Zimbabwe could learn how to turn punitive economic sanctions to its advantage from Qatar, a largely desert peninsular Arab country located in the Middle East.
Qatar has been under an “illegal blockade” since June 5, 2017, when four Arab states – Saudi Arabia, the United Arab Emirates (UAE), Bahrain and Egypt – cut all diplomatic and trade ties with Doha.
Soon after the blockade Qatar incurred heavy financial losses estimated at $43bn but moved quickly to counter the effects of the embargo.
Before the blockade, Qatar imported over 90 per cent of its food requirements but is now a lot more self-sufficient across the food and agricultural sector.
Speaking to Al Jazeera, Andreas Krieg, assistant professor of defence studies at King’s College London, said:
The blockade has prepared Qatar well to deal with the supply chain disruptions we have seen globally during the COVID-19 crisis.
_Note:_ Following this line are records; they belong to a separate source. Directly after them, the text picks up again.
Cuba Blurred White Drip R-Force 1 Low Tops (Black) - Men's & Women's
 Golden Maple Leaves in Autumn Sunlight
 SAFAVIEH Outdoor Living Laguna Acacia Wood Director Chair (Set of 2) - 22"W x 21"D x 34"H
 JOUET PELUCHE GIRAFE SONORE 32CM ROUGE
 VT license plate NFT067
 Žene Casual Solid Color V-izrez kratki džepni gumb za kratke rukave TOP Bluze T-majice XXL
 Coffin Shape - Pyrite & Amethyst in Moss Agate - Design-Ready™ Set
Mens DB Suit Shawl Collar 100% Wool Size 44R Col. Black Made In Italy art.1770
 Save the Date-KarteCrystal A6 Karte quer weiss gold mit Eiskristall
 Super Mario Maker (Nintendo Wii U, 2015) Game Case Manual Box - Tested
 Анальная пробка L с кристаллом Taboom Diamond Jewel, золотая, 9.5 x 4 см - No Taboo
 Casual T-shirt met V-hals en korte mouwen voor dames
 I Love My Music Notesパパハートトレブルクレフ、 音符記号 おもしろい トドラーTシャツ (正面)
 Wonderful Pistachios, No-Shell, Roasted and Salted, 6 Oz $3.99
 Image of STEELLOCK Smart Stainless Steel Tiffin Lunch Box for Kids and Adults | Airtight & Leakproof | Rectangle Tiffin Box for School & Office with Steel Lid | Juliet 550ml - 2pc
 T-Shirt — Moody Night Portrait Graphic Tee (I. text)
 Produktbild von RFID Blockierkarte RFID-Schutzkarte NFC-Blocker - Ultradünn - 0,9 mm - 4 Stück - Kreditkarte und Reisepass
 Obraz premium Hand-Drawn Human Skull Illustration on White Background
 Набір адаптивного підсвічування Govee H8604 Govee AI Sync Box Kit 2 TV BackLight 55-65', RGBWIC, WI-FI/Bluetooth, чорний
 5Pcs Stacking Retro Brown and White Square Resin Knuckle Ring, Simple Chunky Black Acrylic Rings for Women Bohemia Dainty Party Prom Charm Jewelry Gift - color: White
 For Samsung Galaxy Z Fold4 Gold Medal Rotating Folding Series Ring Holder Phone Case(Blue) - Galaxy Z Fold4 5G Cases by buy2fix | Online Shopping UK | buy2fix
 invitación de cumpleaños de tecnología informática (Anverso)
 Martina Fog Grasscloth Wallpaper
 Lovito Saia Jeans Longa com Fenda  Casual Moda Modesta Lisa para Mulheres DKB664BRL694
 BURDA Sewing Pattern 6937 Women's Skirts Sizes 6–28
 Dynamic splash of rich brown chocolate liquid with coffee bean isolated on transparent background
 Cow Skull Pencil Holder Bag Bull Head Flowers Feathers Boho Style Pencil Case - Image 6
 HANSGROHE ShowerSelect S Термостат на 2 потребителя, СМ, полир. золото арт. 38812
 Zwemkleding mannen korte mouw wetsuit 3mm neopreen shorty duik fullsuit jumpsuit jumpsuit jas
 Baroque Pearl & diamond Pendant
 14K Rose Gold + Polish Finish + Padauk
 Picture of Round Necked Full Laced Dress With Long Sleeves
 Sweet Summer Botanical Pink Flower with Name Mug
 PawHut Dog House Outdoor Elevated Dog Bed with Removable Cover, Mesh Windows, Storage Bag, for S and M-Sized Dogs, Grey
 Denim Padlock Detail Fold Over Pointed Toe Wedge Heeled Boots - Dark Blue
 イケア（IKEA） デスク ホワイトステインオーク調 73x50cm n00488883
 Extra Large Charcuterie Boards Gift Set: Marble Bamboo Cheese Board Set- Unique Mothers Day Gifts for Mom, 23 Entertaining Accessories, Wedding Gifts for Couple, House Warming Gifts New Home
Qatar has achieved a lot more self-sufficiency across the food and agricultural sector, as well as the transport sector, making Qatar more autarkic and independent in managing supplies chains.
Also, in the industrial sector, Qatar has used the blockade as an opportunity to diversify and expand local production where possible, which has increased its resilience.
Zimbabwe’s ruling elite has been blaming limited targeted restrictions over the past two decades as the country’s economy has continued to deteriorate.
However, rampant corruption, policy inconsistencies, political repression, a disdain for the rule of law, pillaging of mineral resources and an unfavourable investment climate have been cited as the real causes of the country’s economic implosion.